------ Records ------

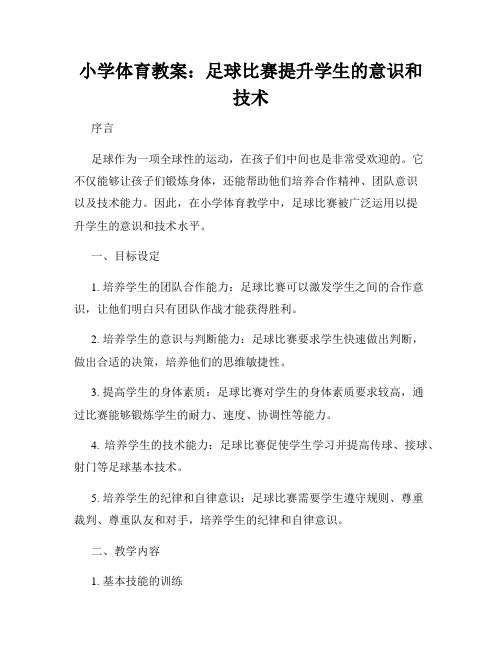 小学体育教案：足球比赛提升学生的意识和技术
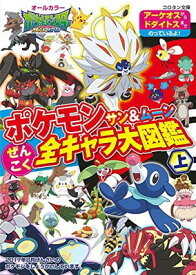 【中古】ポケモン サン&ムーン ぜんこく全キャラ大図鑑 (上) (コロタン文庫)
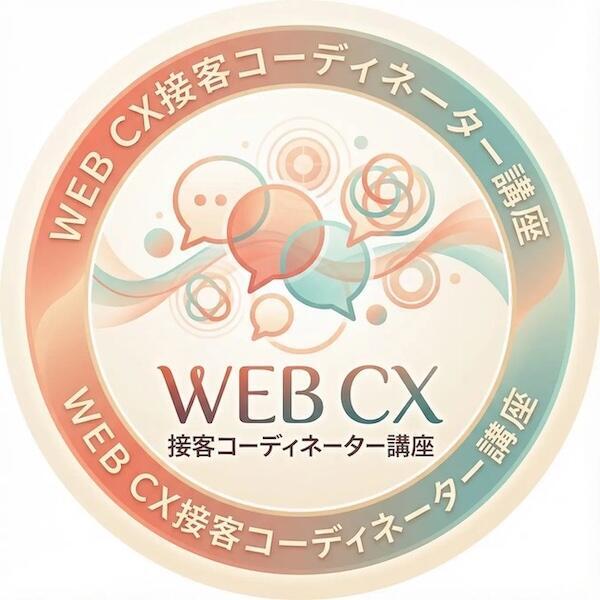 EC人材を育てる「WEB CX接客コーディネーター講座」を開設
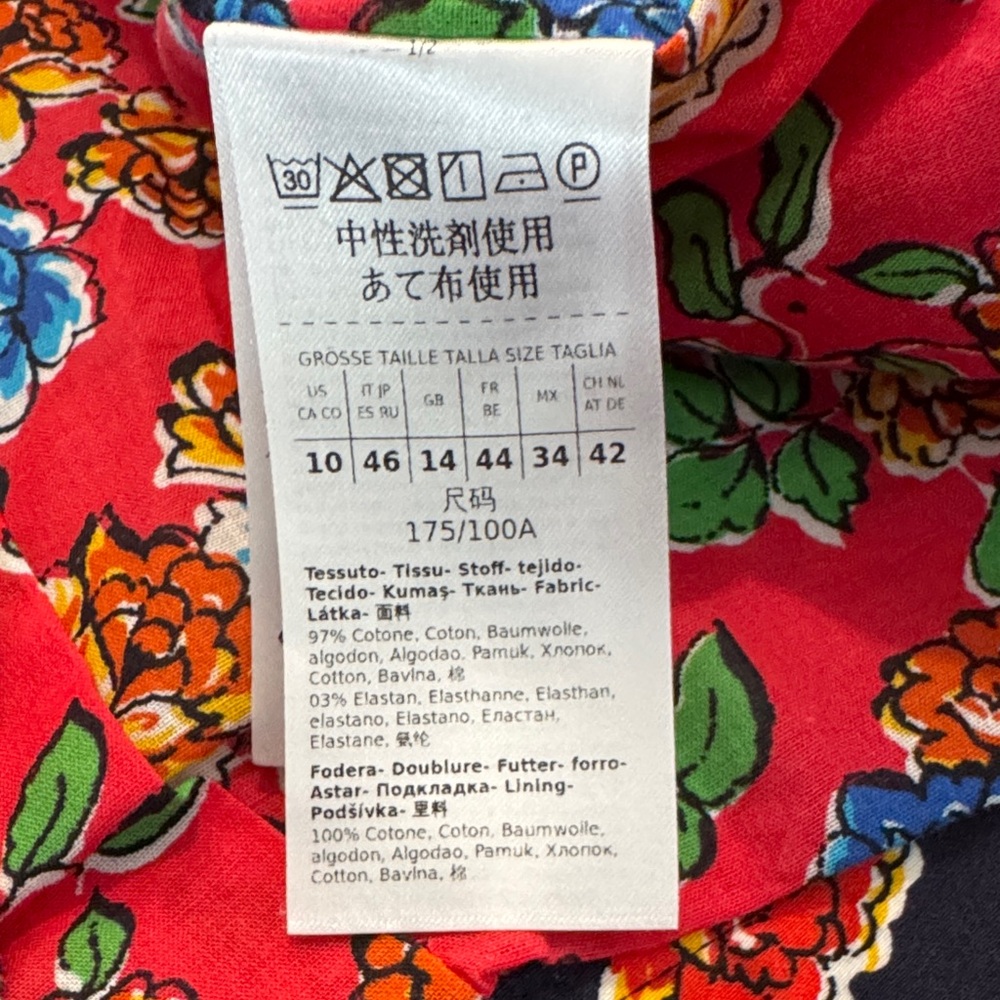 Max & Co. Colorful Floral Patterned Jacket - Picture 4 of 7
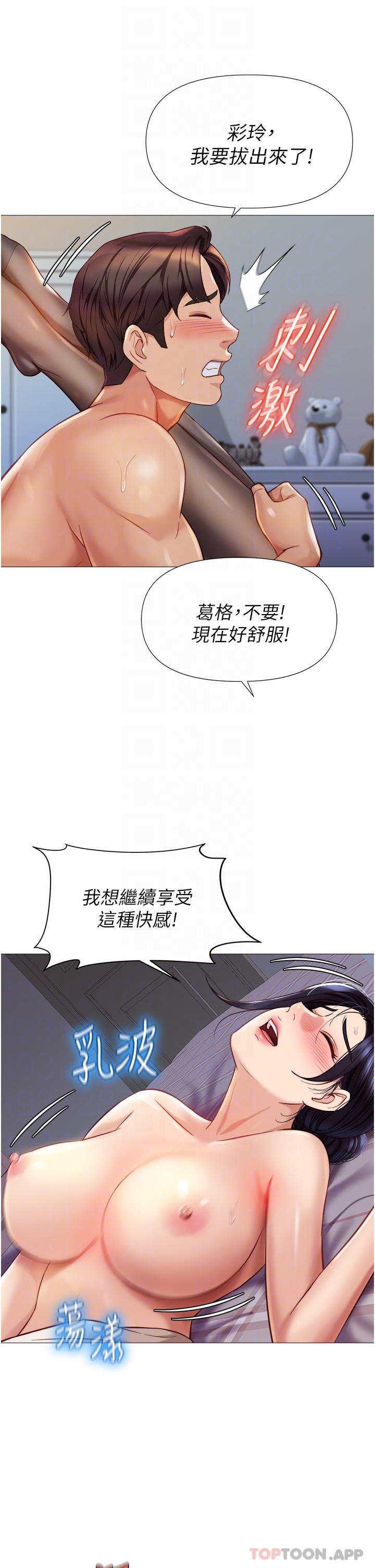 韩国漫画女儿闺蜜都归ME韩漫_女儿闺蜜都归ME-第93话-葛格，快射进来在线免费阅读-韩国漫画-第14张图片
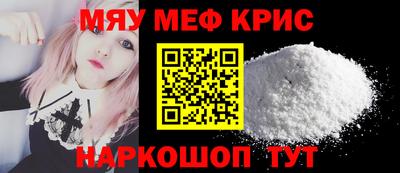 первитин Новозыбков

------

§ **Task description**
Write out all the entries exactly, except for the pictures.

§ **Task answer**
 小学体育教案：足球比赛提升学生的意识和技术
 【中古】ポケモン サン&ムーン ぜんこく全キャラ大図鑑 (上) (コロタン文庫)
 EC人材を育てる「WEB CX接客コーディネーター講座」を開設
 Max & Co. Colorful Floral Patterned Jacket - Picture 4 of 7
 韩国漫画女儿闺蜜都归ME韩漫_女儿闺蜜都归ME-第93话-葛格，快射进来在线免费阅读-韩国漫画-第14张图片
 первитин Новозыбков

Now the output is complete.